Era domingo de carnaval, mas o Brasil parou. Na terra dos desfiles das escolas de samba e dos blocos de rua, a folia suspendeu o fôlego por instantes. Todos os olhos voltaram-se para a tela. Era a grande noite de “Ainda estou aqui”. E o Brasil inteiro estava lá, no Dolby Theatre, de coração acelerado, como em final de Copa do Mundo.

Junto com o anúncio, veio uma explosão instantânea, misturando a alegria do carnaval, o entusiasmo do futebol e agora o orgulho do nosso cinema. Um grito coletivo, abafado por anos pelo complexo de vira-lata — como dizia Nelson Rodrigues — rompeu de norte a sul. O cinema brasileiro, tantas vezes relegado, tantas vezes posto à prova, agora segurava sua estatueta dourada, ainda que sobre ela pesem tantas ressalvas.

A conquista é inegável.
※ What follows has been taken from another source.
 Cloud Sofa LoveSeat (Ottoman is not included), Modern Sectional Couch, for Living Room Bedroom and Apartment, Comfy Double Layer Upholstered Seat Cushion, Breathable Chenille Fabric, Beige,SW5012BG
Mais do que a grandeza do filme, ela simboliza um olhar renovado sobre a cultura nacional, portas que se abrem para talentos brasileiros, esperanças de novos caminhos para o cinema que resiste. A temática abordada no filme ressoa universalmente. A busca pela verdade, pela justiça e pelo reconhecimento de uma história silenciada ecoa em culturas que enfrentaram repressão e opressão.

A recusa de parte do público brasileiro em abraçar o filme de Walter Salles também revela a tensão entre arte e política. Em tempos de polarização, qualquer obra que toque em feridas históricas se torna alvo de interpretações enviesadas. É lamentável, mas esperado, que seu valor artístico e social seja deturpado por críticas que distorcem sua essência. A resistência do Brasil à sua própria história, tantas vezes minimizada ou distorcida, segue como um desafio para a conscientização política.

Ao vencer o Oscar, “Ainda estou aqui” não apenas reivindica a visibilidade do cinema nacional, mas nos convida a reavaliar nossa relação com a memória, a justiça e o reconhecimento. A estatueta não é apenas um prêmio pela execução técnica e estética do filme, mas uma afirmação de que o cinema é uma ferramenta de mudança, que transcende o entretenimento, para se tornar instrumento de reparação, de questionamento e, acima de tudo, de celebração da resistência de um povo.

Com essa premiação, podem surgir novas possibilidades para o cinema brasileiro, que agora sobe mais um degrau na visibilidade internacional. No entanto, para que essa abertura não se restrinja a uma celebração pontual, é preciso que a indústria cinematográfica nacional também persista na construção de narrativas que, como “Ainda estou aqui”, desafiem, provoquem e representem com profundidade a complexidade do Brasil. Nosso cinema é vasto, pulsante e singular. Ele não deve nada a nenhum outro. E talvez seja hora de, finalmente, nos darmos conta disso.